Manhattan Regional Airport officials want to move forward with a parking lot improvement project that would lead to a parking fee.

The Manhattan City Commission will consider Tuesday allowing the airport to request bids on the parking lot project.

The meeting starts at 7 p.m. at City Hall.

In February 2018, the commission approved a $4.5 million improvement project would add more than 150 paved parking spots. The airport currently has more than 700 parking spots.

The plan called for phasing with an initial $3.28 million proposal for parking improvements, which would include additional paved parking, improved lighting and repaired asphalt.

In order to pay for the project’s debt, airport officials have suggested adding a parking fee at the airport.

The parking lot at the airport is currently free.

The Airport Advisory Board suggested making parking free for the first hour and $1 per hour for hours 2 through 4 with a maximum daily rate of $5. The board also expressed its desire for officials to implement the parking fee immediately after the project is completed.
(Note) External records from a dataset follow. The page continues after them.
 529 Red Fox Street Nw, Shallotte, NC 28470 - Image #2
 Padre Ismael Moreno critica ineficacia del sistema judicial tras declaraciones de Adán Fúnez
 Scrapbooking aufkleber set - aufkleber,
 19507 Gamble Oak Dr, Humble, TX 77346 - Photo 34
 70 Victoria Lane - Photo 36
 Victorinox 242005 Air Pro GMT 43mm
A 10-year bond for the project would require an annual payment of $648,000. In a parking revenue study, Walker Consultants estimated that a $5 daily fee would generate the money needed for a 10-year bond.

The commission will also consider creating an ordinance to establish local aesthetic standards for the installation of small cell infrastructure in the city’s rights-of-way.
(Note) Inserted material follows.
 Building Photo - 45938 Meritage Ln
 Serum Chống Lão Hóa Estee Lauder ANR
Small cell towers, approximately 30 feet tall, are used to boost wireless service for mobile devices. They are used by multiple cell phone providers.
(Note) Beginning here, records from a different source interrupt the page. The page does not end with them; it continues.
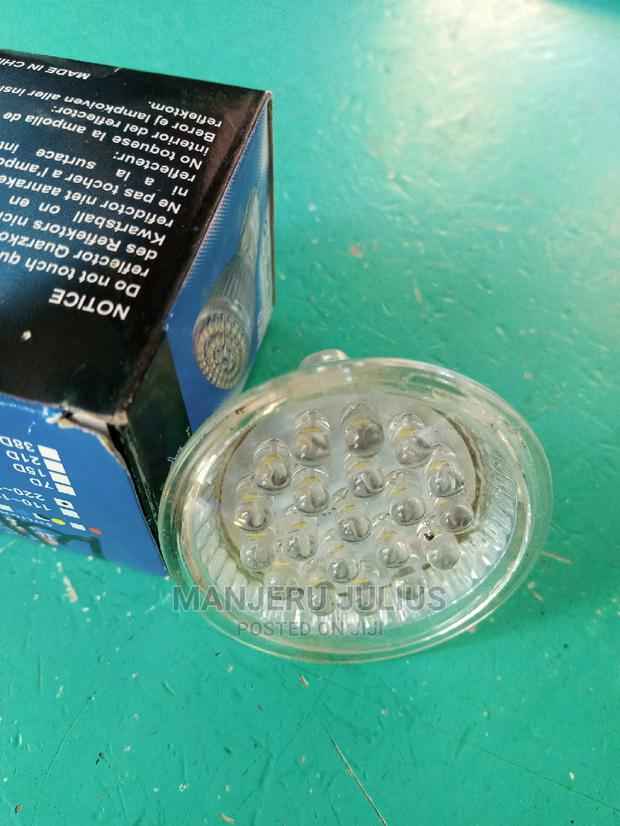Led Downlighter - thumbnail 3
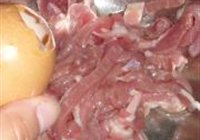 鱼香肉丝的做法 步骤7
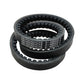MR372 Fan Belt Fits White Super 55 Super 66 Super 77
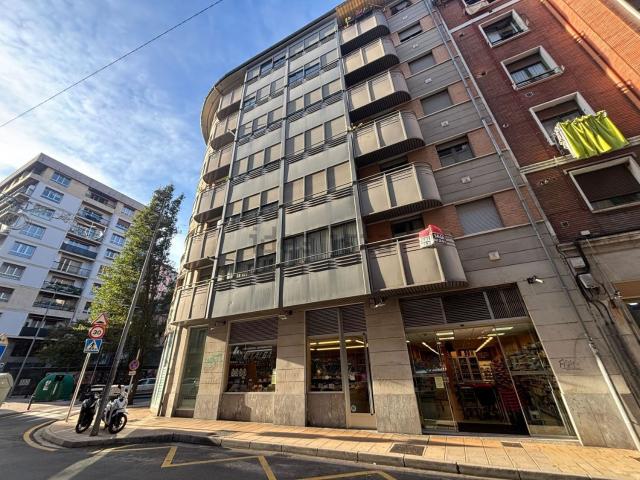 Piso en venta en Erdialdea, Debabarrena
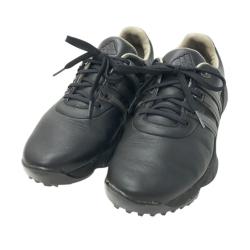adidas GOLF アディダス ゴルフ 27㎝ ゴルフシューズ ブラック 楽天市場】【全品対象最大10%OFF！2025年8/15 0:00〜8/20 23:59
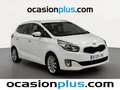 Kia Carens 1.7CRDi Eco-Dynamics Drive 115 Blanco - thumbnail 2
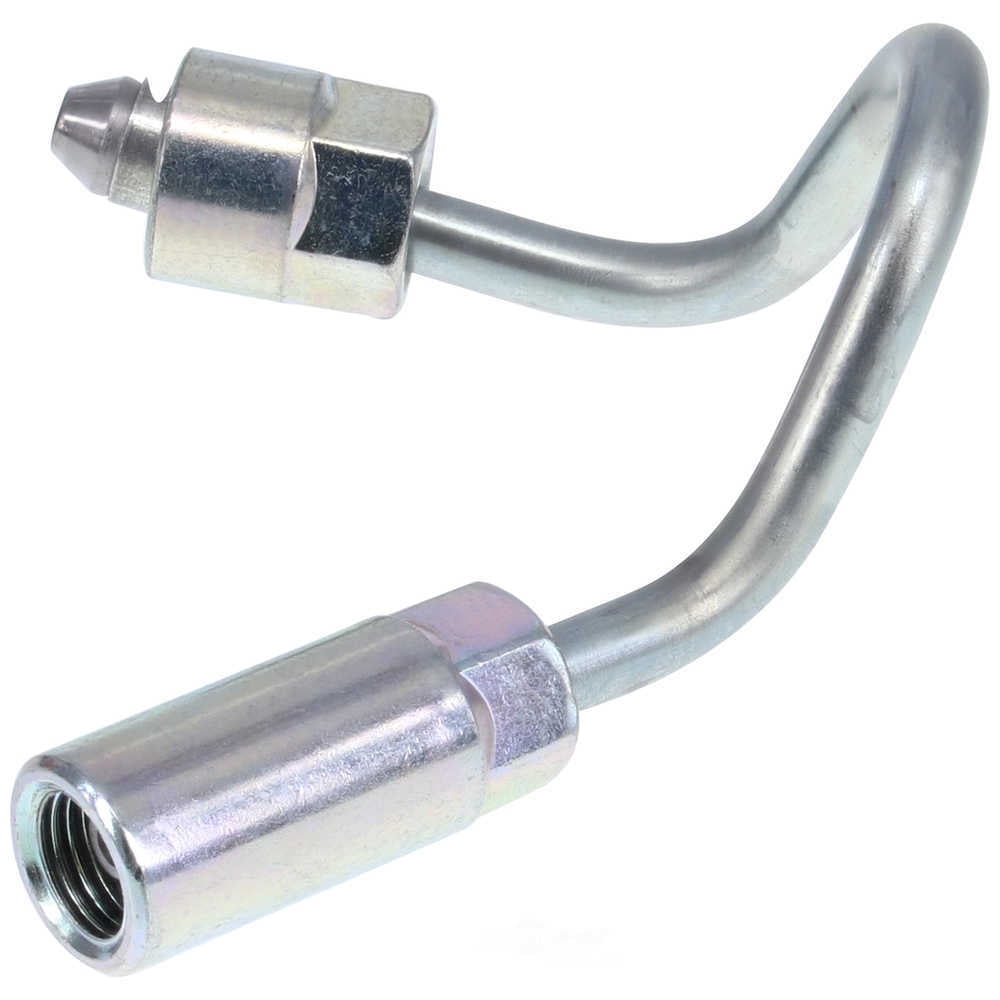 GB 7-032 Fuel Injector High Pressure Line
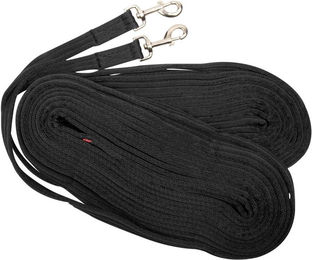 Produktbild von Langer Zügel für Pferde Imperial Riding Free Ride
Manhattan currently has 47 small cell towers in the city, some using existing poles and others using new poles.

The ordinance under consideration would place an official standard on new poles including location, maintenance and repair, and aesthetics. Wood poles would only be permitted in alleys; any other pole must be hollow metal, fiberglass or use a similar composite material.

The ordinance would call for poles to get painted green to minimize glare and visibility. However, poles in downtown or Aggieville must match the established character of the district, so the color scheme would be different.